Exercise -
Could you repeat the listing below exactly while leaving its pictures behind?

:: Raw data ::

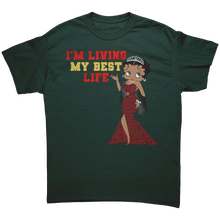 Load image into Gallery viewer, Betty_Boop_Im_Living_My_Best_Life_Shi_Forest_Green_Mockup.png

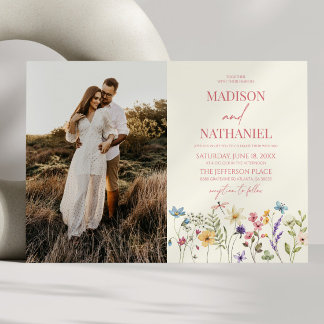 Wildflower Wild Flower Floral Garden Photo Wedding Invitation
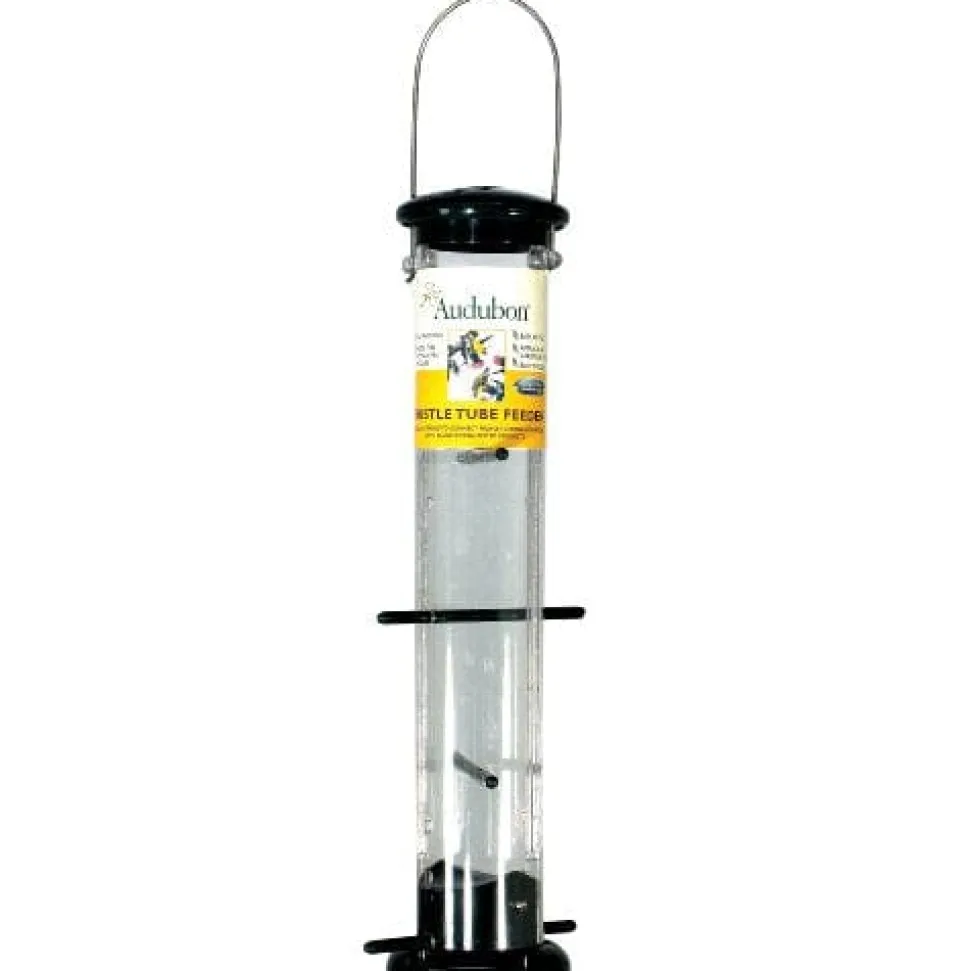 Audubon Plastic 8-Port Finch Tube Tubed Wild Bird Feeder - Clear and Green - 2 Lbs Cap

:::

Exercise response -
 Load image into Gallery viewer, Betty_Boop_Im_Living_My_Best_Life_Shi_Forest_Green_Mockup.png

 Wildflower Wild Flower Floral Garden Photo Wedding Invitation
 Audubon Plastic 8-Port Finch Tube Tubed Wild Bird Feeder - Clear and Green - 2 Lbs Cap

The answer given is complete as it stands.